CTA approves $75.4 million to enhance accessibility at Racine Blue Line station
In line with its plan to make all rail stations fully accessible by 2038, this infrastructure project will provide CTA customers with a new lift and ADA accessible ramp from the stationhouse to the platform.
Credit: Chicago Transit Authority
The Chicago Transit Authority (CTA) has announced that it will soon commence a major renovation of the Racine Blue Line station in order to make accessibility improvements, which includes the addition of a lift.
This station renovation is the latest project to advance as part of CTA’s All Stations Accessibility Program (ASAP). The Chicago Transit Board had approved the awarding of a $75.4 million contract and funding for this project had been sourced through Governor Pritzker’s ‘Rebuild Illinois‘ Capital Plan.
“This is another exciting step forward in our commitment to making the entire CTA rail system fully accessible,” said CTA President Dorval R. Carter, Jr. “The CTA has collaborated with Chicago’s disability community to pursue a vision of 100% accessibility for all customers. Thanks to the funding we received through the ‘Rebuild Illinois’ capital programme, we’re now able to unlock one more station and soon provide a fully accessible transit option for not only this West Side community, but for any of the millions who travel our rail system each year.”
Originally constructed in 1958, work at the Racine Blue Line Station will include fully re-constructing the main stationhouse located at 430 S. Racine Avenue to feature a new lift; significant upgrades to the Loomis Street auxiliary entrance/exit; a new ADA accessible ramp from the stationhouse to the platform; new stairs and an extension of the platform.

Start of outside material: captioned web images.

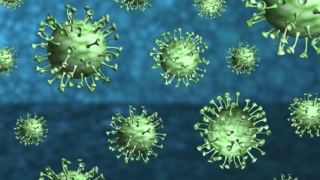 Coronavirus. Peste 2800 de cazuri, raportate în ultima săptămână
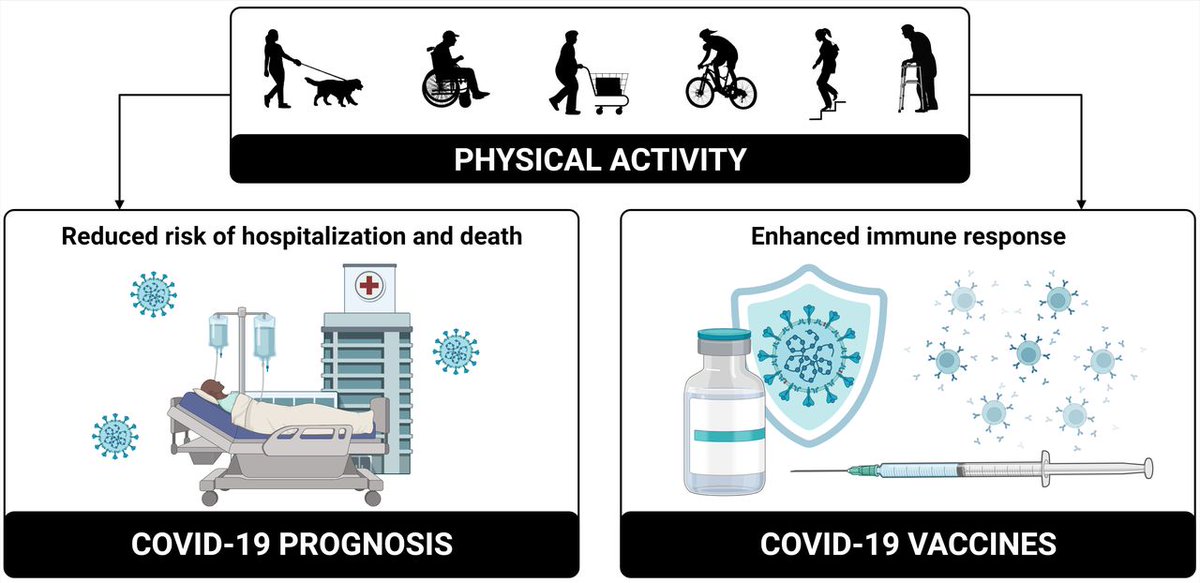 BJSM_BMJ's tweet photo. #OpenAccess: Evidence-based physical activity for COVID-19 🏃‍♀️

What are the outcomes of physical activity and COVID-19 in the general population and hospitalised patients? What should the plan be for the future? 💉

READ HERE ➡️ https://t.co/DgYmnroNge https://t.co/DcyTPvxo1u
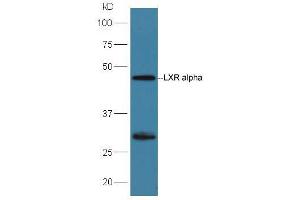 Huh7 lysates probed with Rabbit Anti-LXR alpha + LXR beta Polyclonal Antibody, Unconjugated (ABIN2177438) at 1:300 overnight at 4 °C. (NR1H3 Antikörper  (AA 361-447))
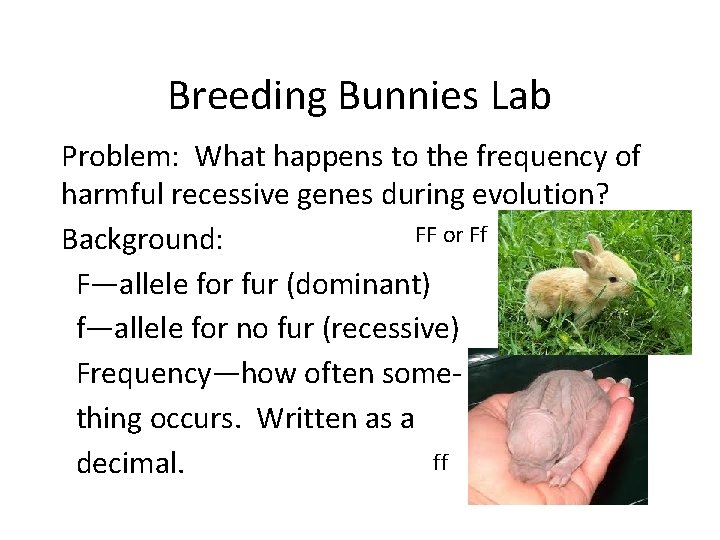 Breeding Bunnies Lab Problem: What happens to the frequency of harmful recessive genes during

In order to help improve the reliability of services and as part of larger plans to add additional trains to the Blue Line, the contractor will also be making significant improvements to the traction power system, which helps provide the power to run trains. Work includes a new power sub-station at Morgan Street, the replacement of equipment at the existing Hermitage sub-station and other electrical work.
Once renovated, the Racine station will have clearly defined accessible pathways to and from train platforms, bus stops and other major modal transfer points. All features along the pathway, such as fare arrays, shelters, benches and passenger information, will be re-designed to remove barriers and allow for universal accessibility.